I hurried to the door and quickly flung it open, curious as to know whether any of the carefully handwritten addresses were headed by my own name; and were accordingly meant for me to open. I didn't expect that any of them would be, of course...but to my surprise and delight not one, but two of these packages had Emily Snelgrove written on them in two very different scripts.
Leaving the other mail on the kitchen table, I carried these two envelopes into my room as tentatively and as carefully as if they were vases filled with diamonds.

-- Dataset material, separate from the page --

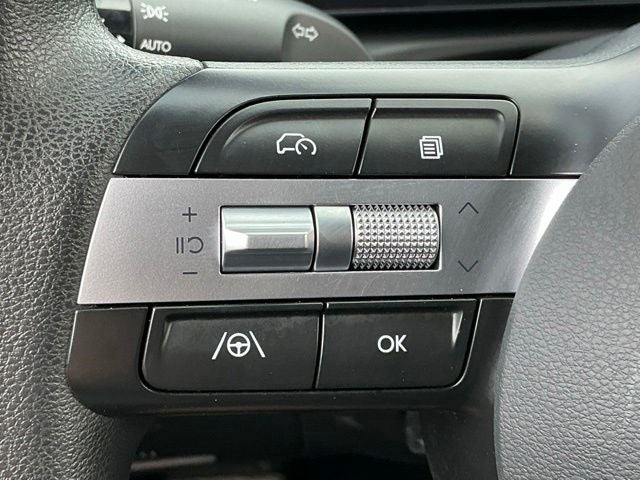 2025 Hyundai Santa Cruz SE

And there in the quiet, still warmth of my little room I gently tore through the paper of the first package. The very same package which had been sealed, with so much love and care and thoughtfullness, by a very special friend of mine all the wya across the North Sea. <3
I was like a little girl then, at that one wonderful precious little moment on Christmas Eve. I had given a soft squeal of delight when I had opened this exquisite little box to reveal the delightful contents that lay within....which had travelled, across all those hundreds of hundreds of miles, from Augsburg in Germany to the very heart of the Irish Midlands, to now nestle safely in my hands.
And if this wasn't so incredibly generous and kind-hearted enough...accompanying this beautiful little Christmas gift was a hand-written letter, just for me.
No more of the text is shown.